**PROVIDED INFORMATION**
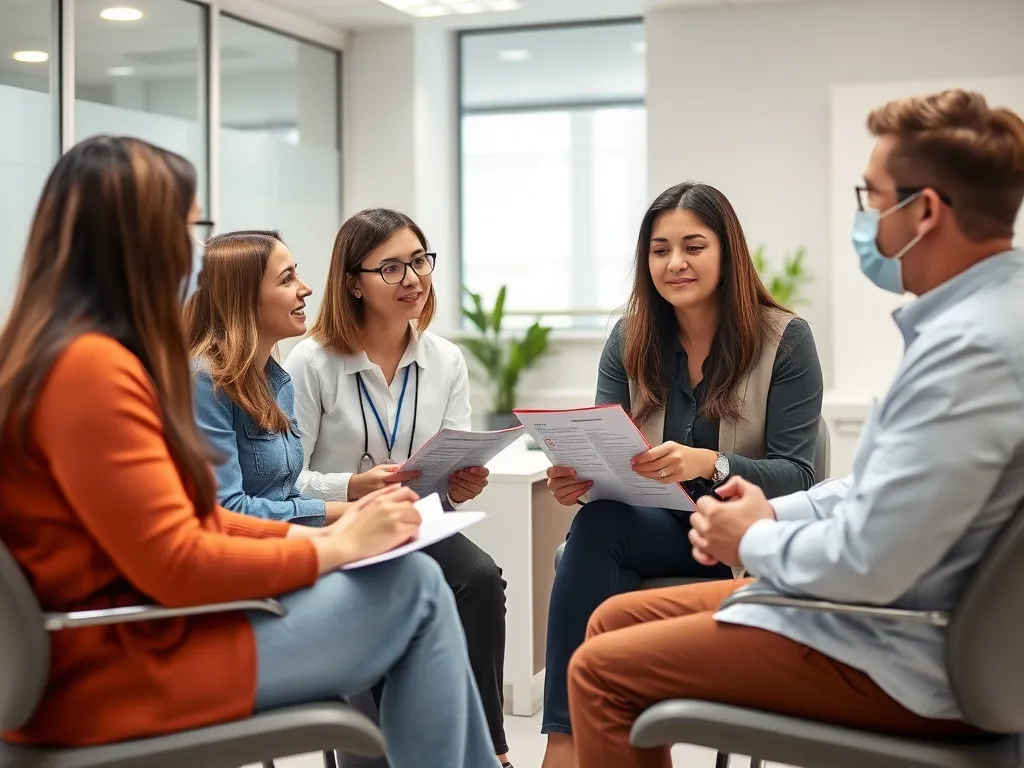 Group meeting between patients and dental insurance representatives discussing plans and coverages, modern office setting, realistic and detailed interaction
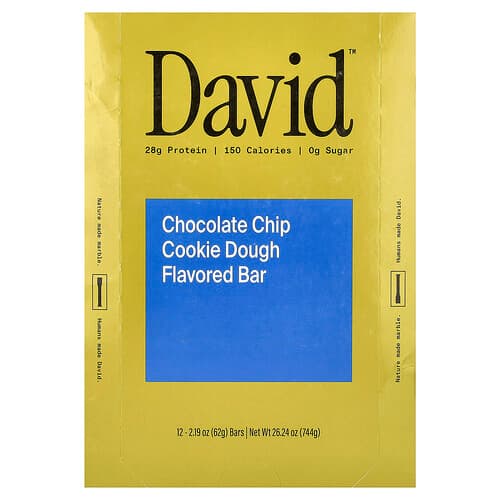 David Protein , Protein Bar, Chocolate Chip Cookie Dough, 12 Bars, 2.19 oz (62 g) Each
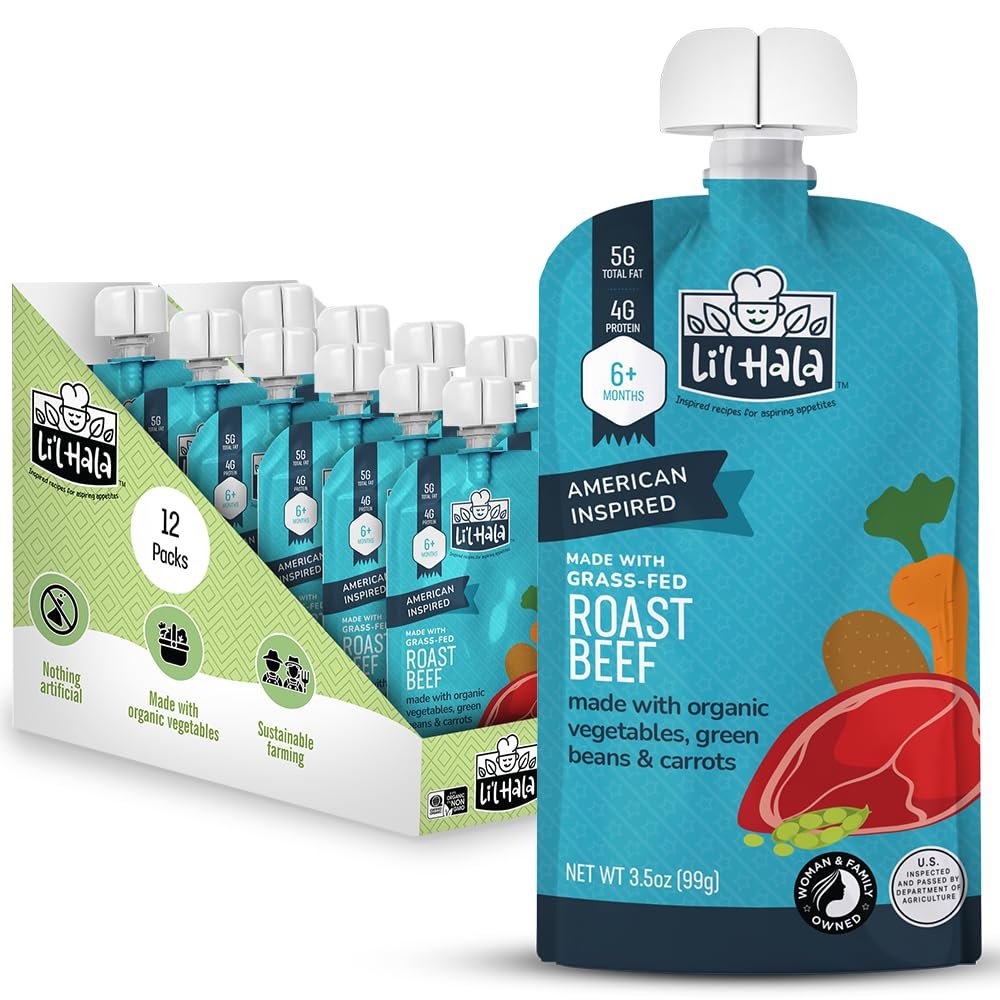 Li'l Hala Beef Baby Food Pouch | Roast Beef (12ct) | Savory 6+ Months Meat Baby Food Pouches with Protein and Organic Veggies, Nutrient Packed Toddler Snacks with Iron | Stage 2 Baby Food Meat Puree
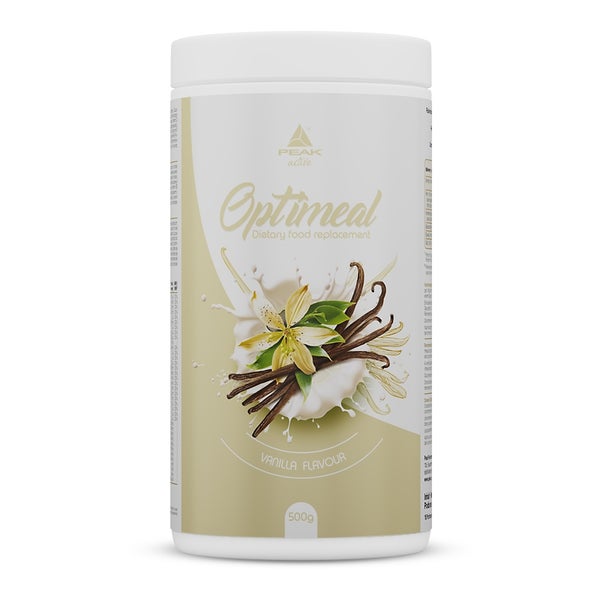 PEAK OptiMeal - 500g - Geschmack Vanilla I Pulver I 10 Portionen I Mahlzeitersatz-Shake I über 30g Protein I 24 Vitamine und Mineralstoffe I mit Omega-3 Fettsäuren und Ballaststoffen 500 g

--

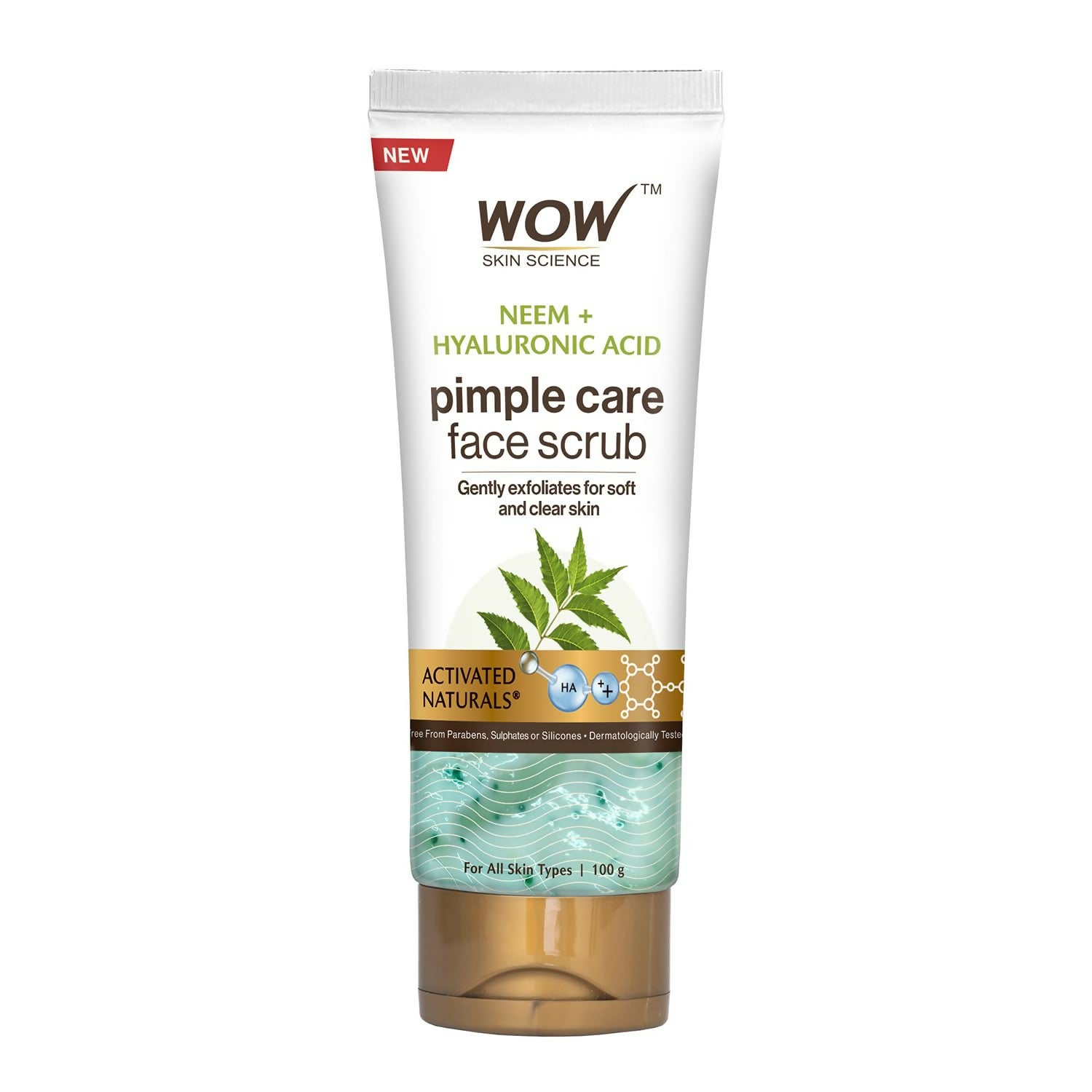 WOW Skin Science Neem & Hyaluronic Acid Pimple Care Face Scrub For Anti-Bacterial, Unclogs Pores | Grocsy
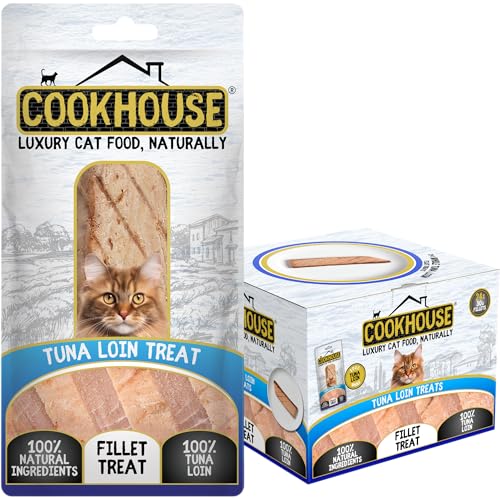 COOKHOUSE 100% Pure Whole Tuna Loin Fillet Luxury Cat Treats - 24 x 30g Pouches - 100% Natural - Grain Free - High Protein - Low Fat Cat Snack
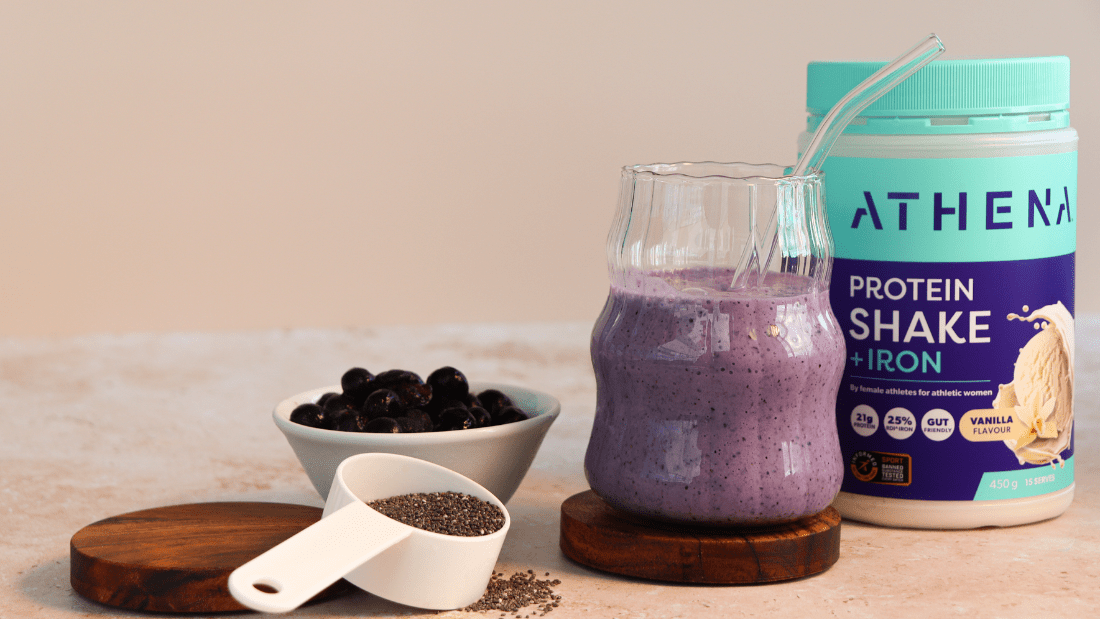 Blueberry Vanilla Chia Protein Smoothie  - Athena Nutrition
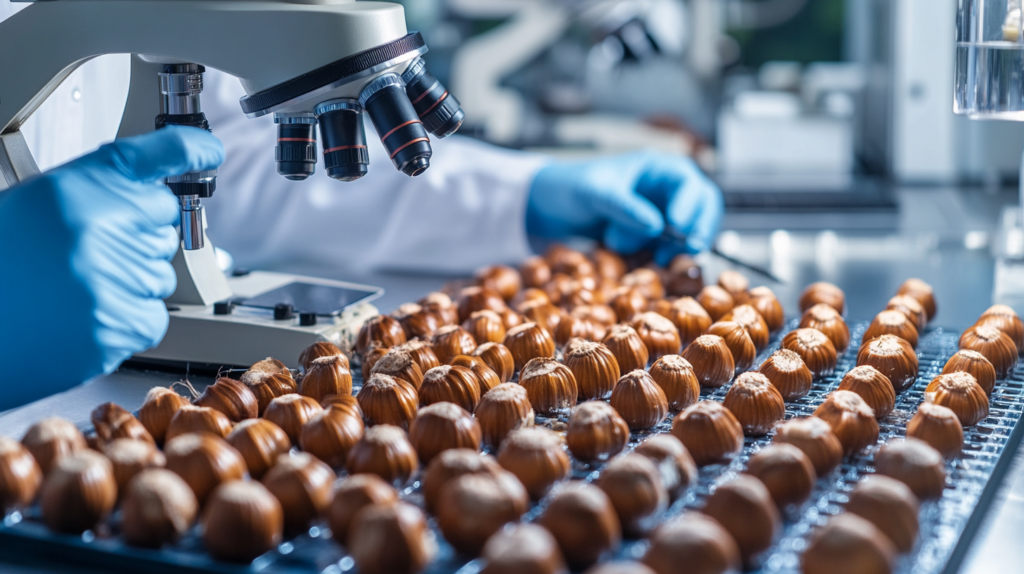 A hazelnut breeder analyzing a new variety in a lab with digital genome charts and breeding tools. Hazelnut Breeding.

**REQUIRED WORK**
Transcribe exactly the lines above, beginning at the one with "Group meeting between" and going up to and including the one with "Li'l Hala Beef". Pictures do not belong in the copy.

**EXPECTED ANSWER**
 Group meeting between patients and dental insurance representatives discussing plans and coverages, modern office setting, realistic and detailed interaction
 David Protein , Protein Bar, Chocolate Chip Cookie Dough, 12 Bars, 2.19 oz (62 g) Each
 Li'l Hala Beef Baby Food Pouch | Roast Beef (12ct) | Savory 6+ Months Meat Baby Food Pouches with Protein and Organic Veggies, Nutrient Packed Toddler Snacks with Iron | Stage 2 Baby Food Meat Puree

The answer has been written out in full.